The Curmudgeon

YOU'LL COME FOR THE CURSES. YOU'LL STAY FOR THE MUDGEONRY.

Friday, June 17, 2005

I Love the Smell of Ingram in the Morning

Every romance has its storms. The Independent has a report on a minor glitch in the Special Relationship between the United States and its little helper. According to Adam "Straight Talk" Ingram of the Ministry of Peace, American assurances about napalm-related activities have turned out to be - gasp - not altogether veracitous.

Of course, this raises serious questions. The Liberal Democrat defence spokesman was clear about where the priorities lay: "It is very serious that this type of weapon was used in Iraq, but this shows the US has not been completely open with the UK. We are supposed to have a special relationship." Darling, darling, of course we know about all those civilians you fried; it's the lying we find so hurtful.

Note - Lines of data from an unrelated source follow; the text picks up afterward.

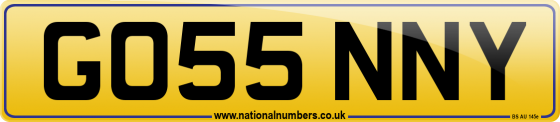 GO55 NNY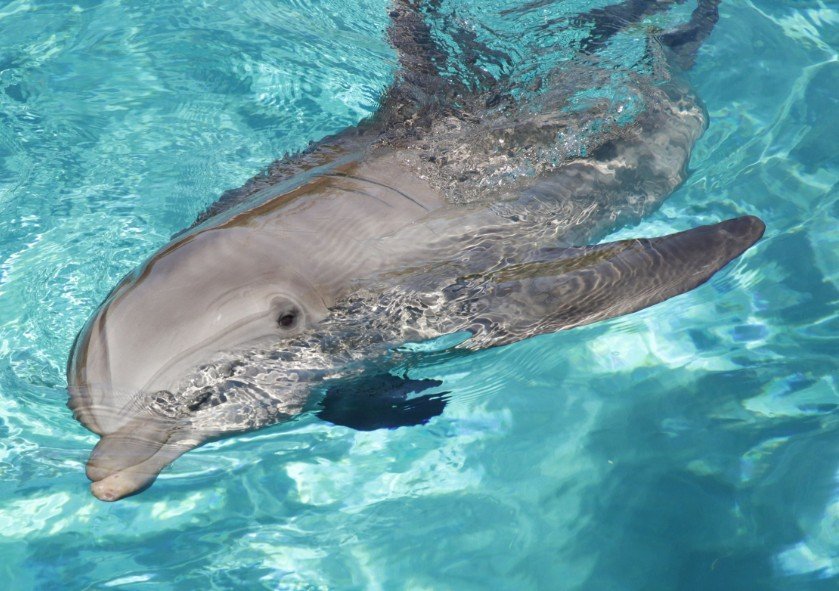 North Sea Cetacean Protection Crisis 2026: Whale and Dolphin Conservation Under Threat from Shipping Noise, Fishing Impact, and Weak Marine Policies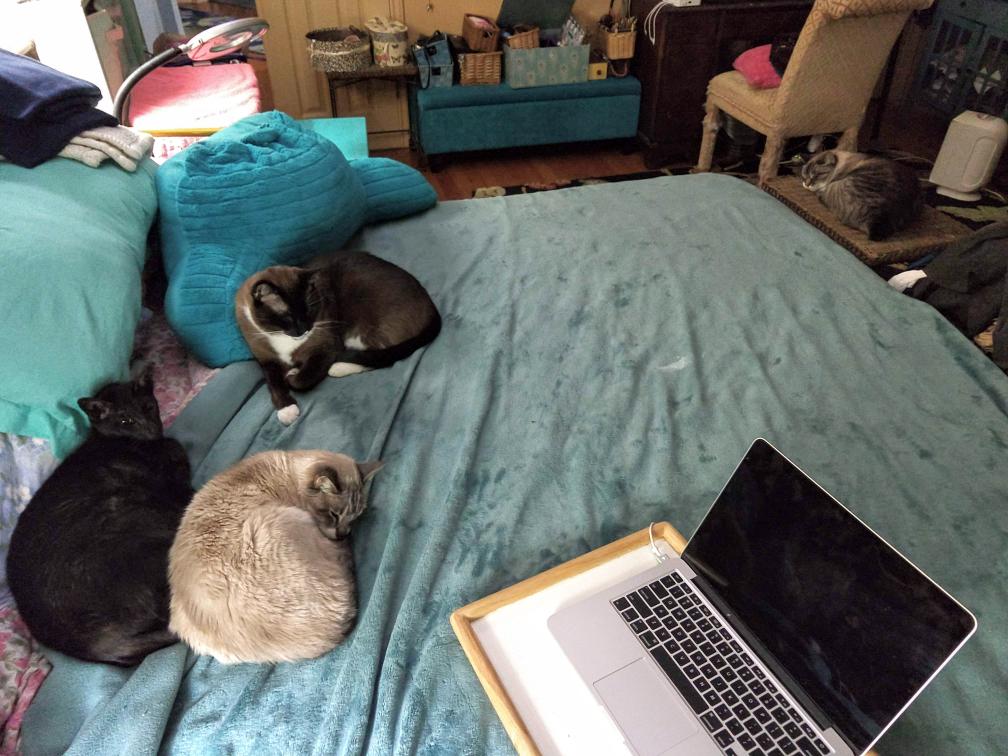 click for larger size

The weapon - which has a codename to make it more fun to use and more exciting to write about - is "an evolution of the napalm used in Vietnam and Korea, carry kerosene-based jet fuel and polystyrene so that, like napalm, the gel sticks to structures and to its victims. The bombs lack stabilising fins, making them far from precise." It seems evident, then, that the people who design, pay for and use such weapons have no very great concern about who they incinerate. Nevertheless, assurances are now being sought from the Government that the weapons were not used against civilians. Optimism can be so charming when it drools.

Straight Talk claims that the US claims that thirty of the bombs were used over three days in 2003 "away from civilian targets". This, says the Independent, "avoids breaching the 1980 Convention on Certain Conventional Weapons (CCW), which permits their use only against military targets." I am not sure why this is relevant, given the United States' well-known refusal to concern itself with such petty matters as legality; especially as it turns out in the very next sentence that the US did not even ratify the Convention for the pleasure of breaching it later.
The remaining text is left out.